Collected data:

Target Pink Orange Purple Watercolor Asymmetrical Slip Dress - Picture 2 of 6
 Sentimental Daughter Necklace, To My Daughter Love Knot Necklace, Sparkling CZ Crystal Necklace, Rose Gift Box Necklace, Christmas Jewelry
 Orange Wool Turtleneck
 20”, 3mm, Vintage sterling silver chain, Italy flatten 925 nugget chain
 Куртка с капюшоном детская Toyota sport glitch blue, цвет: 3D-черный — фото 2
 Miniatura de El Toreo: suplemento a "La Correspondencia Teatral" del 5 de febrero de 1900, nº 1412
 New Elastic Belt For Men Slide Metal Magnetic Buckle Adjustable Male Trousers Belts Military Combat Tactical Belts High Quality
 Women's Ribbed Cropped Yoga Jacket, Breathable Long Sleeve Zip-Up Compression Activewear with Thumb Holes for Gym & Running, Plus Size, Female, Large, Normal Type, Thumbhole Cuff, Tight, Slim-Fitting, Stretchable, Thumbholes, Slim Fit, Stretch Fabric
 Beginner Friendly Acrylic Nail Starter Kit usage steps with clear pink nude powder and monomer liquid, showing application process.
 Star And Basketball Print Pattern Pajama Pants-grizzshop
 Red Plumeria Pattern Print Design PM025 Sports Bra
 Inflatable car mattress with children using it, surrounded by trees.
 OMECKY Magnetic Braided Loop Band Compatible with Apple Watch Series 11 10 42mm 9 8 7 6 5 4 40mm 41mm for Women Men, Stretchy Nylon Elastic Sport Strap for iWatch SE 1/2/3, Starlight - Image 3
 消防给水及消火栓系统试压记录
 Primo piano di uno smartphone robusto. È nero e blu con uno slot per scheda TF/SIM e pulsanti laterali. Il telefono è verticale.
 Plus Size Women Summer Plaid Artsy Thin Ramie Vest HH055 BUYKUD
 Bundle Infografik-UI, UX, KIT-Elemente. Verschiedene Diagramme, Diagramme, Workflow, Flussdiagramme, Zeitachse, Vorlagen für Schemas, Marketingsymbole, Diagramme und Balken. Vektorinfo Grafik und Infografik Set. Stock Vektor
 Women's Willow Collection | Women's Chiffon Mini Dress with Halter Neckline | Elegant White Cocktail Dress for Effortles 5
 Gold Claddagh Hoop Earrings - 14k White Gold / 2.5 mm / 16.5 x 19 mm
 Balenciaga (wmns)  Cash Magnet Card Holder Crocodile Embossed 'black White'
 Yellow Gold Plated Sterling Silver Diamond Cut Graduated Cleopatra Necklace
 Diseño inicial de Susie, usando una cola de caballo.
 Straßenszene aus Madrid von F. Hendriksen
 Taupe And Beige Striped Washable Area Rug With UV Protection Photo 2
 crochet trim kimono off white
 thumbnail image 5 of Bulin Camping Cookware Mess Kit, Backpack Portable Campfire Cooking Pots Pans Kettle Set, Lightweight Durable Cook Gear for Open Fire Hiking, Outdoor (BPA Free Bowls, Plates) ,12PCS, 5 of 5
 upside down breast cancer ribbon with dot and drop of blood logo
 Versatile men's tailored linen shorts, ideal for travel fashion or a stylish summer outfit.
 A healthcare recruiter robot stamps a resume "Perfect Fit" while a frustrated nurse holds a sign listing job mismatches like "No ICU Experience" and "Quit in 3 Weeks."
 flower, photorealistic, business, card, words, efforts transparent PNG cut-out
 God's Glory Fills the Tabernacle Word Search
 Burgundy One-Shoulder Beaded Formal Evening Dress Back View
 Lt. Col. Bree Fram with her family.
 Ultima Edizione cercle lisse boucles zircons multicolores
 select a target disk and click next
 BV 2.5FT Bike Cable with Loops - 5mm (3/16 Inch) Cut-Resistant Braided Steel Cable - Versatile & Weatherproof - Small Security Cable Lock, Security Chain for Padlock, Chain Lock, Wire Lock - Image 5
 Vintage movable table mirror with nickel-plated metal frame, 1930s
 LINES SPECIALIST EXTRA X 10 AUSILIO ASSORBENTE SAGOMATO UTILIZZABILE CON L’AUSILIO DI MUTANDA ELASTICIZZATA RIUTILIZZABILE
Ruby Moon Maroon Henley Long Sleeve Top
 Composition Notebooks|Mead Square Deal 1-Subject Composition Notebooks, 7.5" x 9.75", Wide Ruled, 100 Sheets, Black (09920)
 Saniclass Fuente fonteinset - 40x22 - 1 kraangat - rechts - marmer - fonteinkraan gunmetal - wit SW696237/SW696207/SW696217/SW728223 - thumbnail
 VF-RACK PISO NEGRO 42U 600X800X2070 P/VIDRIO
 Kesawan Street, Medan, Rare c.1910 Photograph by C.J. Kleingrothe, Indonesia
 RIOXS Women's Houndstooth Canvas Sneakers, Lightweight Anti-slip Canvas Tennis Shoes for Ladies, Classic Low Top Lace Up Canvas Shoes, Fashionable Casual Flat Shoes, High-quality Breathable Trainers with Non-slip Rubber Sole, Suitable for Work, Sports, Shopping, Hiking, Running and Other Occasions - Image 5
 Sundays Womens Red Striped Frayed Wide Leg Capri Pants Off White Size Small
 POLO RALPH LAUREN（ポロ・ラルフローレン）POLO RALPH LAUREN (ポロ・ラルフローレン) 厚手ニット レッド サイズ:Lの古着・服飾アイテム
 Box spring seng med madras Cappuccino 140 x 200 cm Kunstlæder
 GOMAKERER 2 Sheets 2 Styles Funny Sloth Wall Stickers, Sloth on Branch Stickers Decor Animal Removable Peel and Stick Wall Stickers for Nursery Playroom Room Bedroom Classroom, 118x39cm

### Your assignment
The expected answer is a copy of each line above containing "Pattern".

### Solution to the exercise
 Star And Basketball Print Pattern Pajama Pants-grizzshop
 Red Plumeria Pattern Print Design PM025 Sports Bra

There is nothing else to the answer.